[HOW TO COMPLETE THIS TASK]:
Your answer should consist only of the lines below from the one with "Intestinal Damage of" through the one with "Phương pháp giảm", copied exactly.

[SOURCE DATA]:
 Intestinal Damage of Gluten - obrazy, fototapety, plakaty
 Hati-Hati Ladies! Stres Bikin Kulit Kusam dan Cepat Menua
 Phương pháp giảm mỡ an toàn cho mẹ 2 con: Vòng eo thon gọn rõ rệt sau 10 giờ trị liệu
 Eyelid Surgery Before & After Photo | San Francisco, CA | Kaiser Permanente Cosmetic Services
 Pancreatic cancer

...

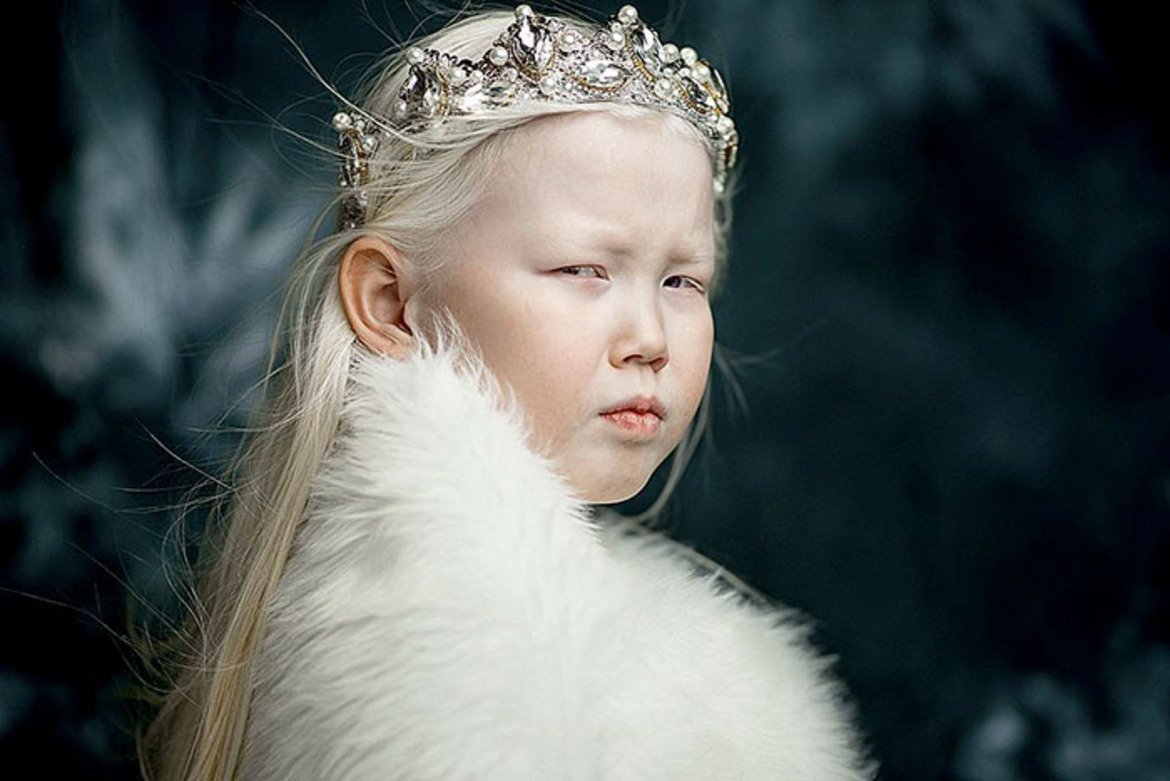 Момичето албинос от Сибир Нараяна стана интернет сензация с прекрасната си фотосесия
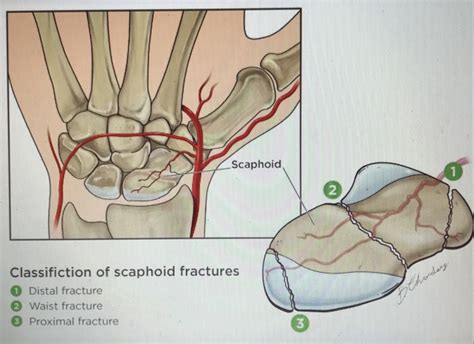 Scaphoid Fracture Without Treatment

[RESPONSE]:
 Intestinal Damage of Gluten - obrazy, fototapety, plakaty
 Hati-Hati Ladies! Stres Bikin Kulit Kusam dan Cepat Menua
 Phương pháp giảm mỡ an toàn cho mẹ 2 con: Vòng eo thon gọn rõ rệt sau 10 giờ trị liệu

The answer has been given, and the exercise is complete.